The folkloric midsummer night of the fairies June 23, 2021

A Helium Poet Lenormand by Camelia Elias

The astronomical solstice came and went, followed today by the night of the fairies, in Romanian, the Night of the Sanziene, or St John’s Night. I like the folklore story of the summer solstice better than the ‘all things being’ equal story that astronomy tells.

In the Romanian context maidens gather early in the day and dance in search of the yellow flower, Galium verum or the Lady’s bedstraw that they use to make a crown from. At night they make a bonfire on top of a hill, put their floral crowns on, and then pick their lovers guided by the hand of chance and fate. The reconciliation of opposites, such as the idea of chance and fate, is enabled by the sky that is open on this night. The men are also prepared or it. They join the women’s party with wheels made of straw and hay. They put fire to the wheels using the spark from the ceremonial bonfire and then let the wheels roll down the hill. A spiral of infinity is created and, voilà, mathematics gets to be experienced in the metaphor of the rolling of the heads that stands for all the passion and love that exists especially between opposites, hearts that are split, or obstacles that separate desires.

As this event also coincides with St John the Baptist’s nativity, we can think of his fate and the dance of seduction that also made his head rolling, yet quite by chance. When Salome asked for it on a platter as a reward for making King Herod experience what it means to be possessed, what she got there was fire and blood, the very ingredients that inflame the heart.

I like to think about this night as a night that holds the promise for the experience of vibrations that we can feel if we contemplate all that is unclear in the head and the heart. A heart under the weather, as it were, is hard to ignite, the consequence being a loss of power and of words. A head without the words to say it, to say what is in the heart, is a head that speaks in clichés. The Night of the Sanziene gives everyone a chance to remedy that.

To imitate the rolling of the wheels – or heads – on fire, I cast a 9-card carré that I then read in a spiral movement that goes sunwise, beginning with the first card and ending with the center card. Here’s how I go about it, in preparation for my own private bonfire at midnight tonight.

A Helium Poet Lenormand by Camelia Elias

The written word (Letter) in the hands of the fairy (Child) is a snappy (Whip) tweet (Birds) about dispersing the fog (Clouds) surrounding the heart’s desire (Rider/9 Hearts + Heart) for a strong (Bear) standing (Tower).

If you take this line beyond its level of concreteness, you can now ask: what is a strong standing? Is it about principles? If that is the case, then how do you reconcile principle with the vibration emanating from the heads and wheels rolling this night? A Tower is a sign of separation. I wonder what John the Baptist thought when he realized that his head was going to be separated from the rest of his body, or what lovers think when they lose theirs to acts of possession.

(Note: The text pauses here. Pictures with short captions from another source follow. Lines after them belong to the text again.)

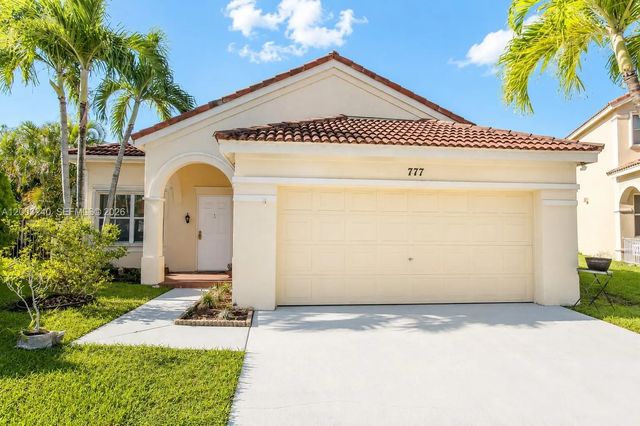 777 Tanglewood Circle, Weston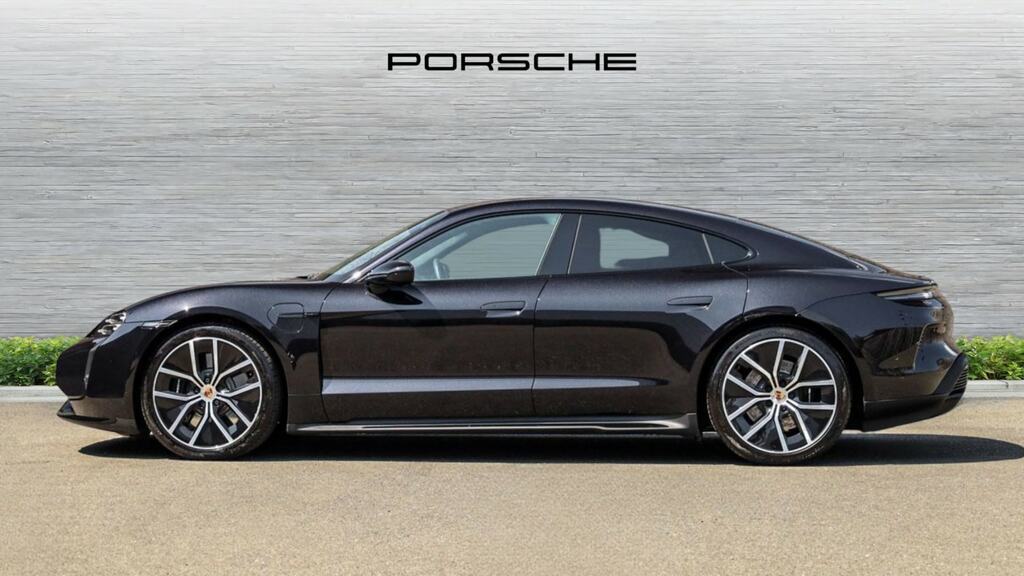 Porsche Taycan 649Kw Turbo 105Kwh Black #5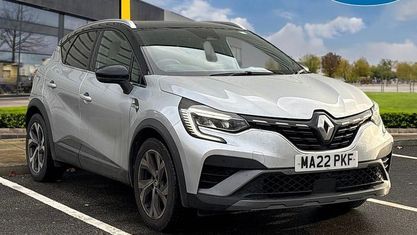 Używany Renault Captur R.S. 140 KM (102 kW) 2022 Szary SUV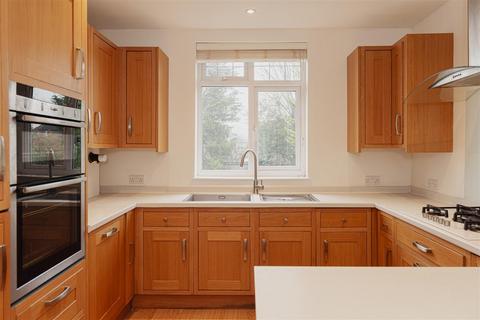 129 Winkworth Road, Banstead, SM7 2JW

I could go on with my contemplation, but suffice it to say here that if you want to ride with the fairies tonight, then give yourself an opportunity to think about spirals, things rolling for you, and where you’re stuck. Are you stuck in principles and forget your heart’s vibrations? Are you afraid of being possessed, and as a consequence, of losing the words to describe just where such possession might transport you to? I’m quite certain that Herod didn’t regret his experience.

For more such thoughts, interpretations of the 9-card tableau, and heads rolling, read my newly released third volume in the Read like the Devil trilogy dedicated to the Lenormand cards. Or else, take a moment to listen to the Romanian Madrigal choir singing the midsummer suit, Vibration: Fire and Wheels by Corneliu Cezar, on a compilation of words by R. Tagore, G. Lorca, F. Kallau, E. Jebelanu, and N. Labis. Enjoy your festivities.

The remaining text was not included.